J’ai encore des centaines de questions sur le comment, le pourquoi, le quand, mais je m’arrête pour lui laisser le temps d’expliquer un peu les choses.

— Ta relation avec Tyra était déjà compliquée… sans parler de celle avec Bjorn. Je ne voulais pas tout chambouler. Et puis… j’ai promis à tes parents de ne rien dire, je… Ça ne m’a pas empêché de veiller sur toi. Jamais je n’aurais pu m’éloigner de toi, d’ailleurs…

— Et mon père, c’est donc bien le Jarl quand même ? Maman m’a dit qu’il t’avait mise enceinte et que c’est pour ça qu’il t’avait ramenée avec lui. Elle a dû t'accueillir froidement, la connaissant.

— Ça n'a pas été évident, en effet… mais je ne regrette rien. Regarde-toi, regarde ta famille ! Je… je suis tellement fière de toi, tu n’as pas idée.

— Je n’arrive toujours pas à y croire. Ni à croire qu’aucun villageois ne m’en ait jamais parlé. Ils ont pourtant dû comprendre que le bébé n’était pas de Tyra, non ? Comment avez-vous caché ta grossesse et fait croire à tout le monde que le bébé était d’elle ?

— Ta mère et moi avons passé mes derniers mois de grossesse loin du village… Elle devait se reposer, ton père a prétexté une grossesse difficile.

Je m’approche d’elle et lui ouvre mes bras, pris par l’émotion.

— Je ne sais pas si je pourrais un jour t’appeler Maman, mais sache que je t’ai toujours considérée comme une mère.
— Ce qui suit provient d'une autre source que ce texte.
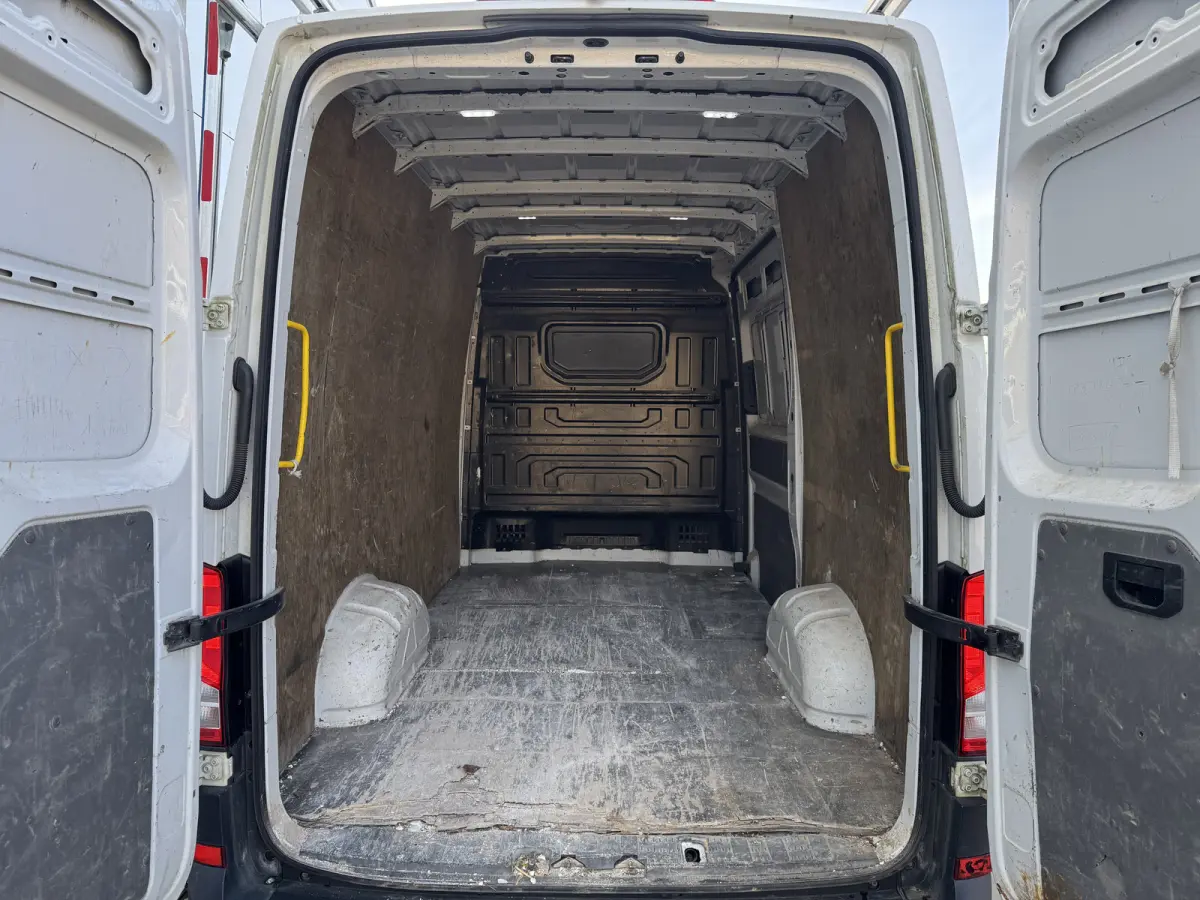 Crafter 2.0 TDI 140 PK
Beaucoup plus que… Tyra, me forcé-je à dire au lieu de “Maman”. Et maintenant, tu as la chance de pouvoir découvrir tes petits-enfants.
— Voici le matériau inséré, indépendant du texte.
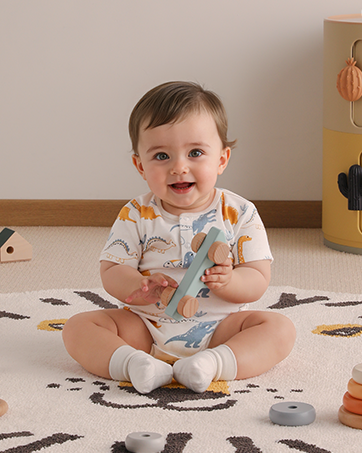 baby bodysuit
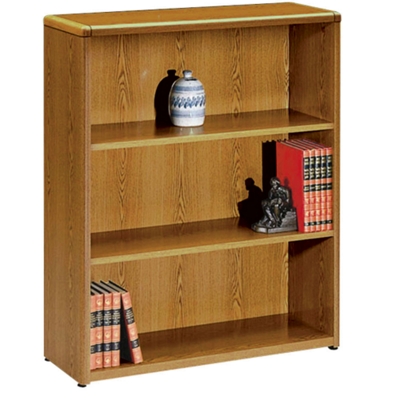 Three-Shelf Bookcase, 32779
Je ne lui laisse pas le temps de répondre et l’enferme dans une étreinte qui n’a rien à voir avec celles que je pouvais avoir avec ma mère. Enfin, Tyra, devrais-je vraiment dire. Nous nous étreignons et je me mets à sangloter, sans pouvoir stopper les larmes qui coulent de mes yeux. Trop d’émotions en peu de temps. Ma mère qui meurt, mes enfants qui naissent, ma mère qui me dit qu’elle n’est pas réellement ma mère, ma vraie Maman que je découvre… Le monde semble s’être désagrégé en peu de temps. La raison a chaviré et il ne subsiste que les émotions. Le reste n’a aucune espèce d’importance.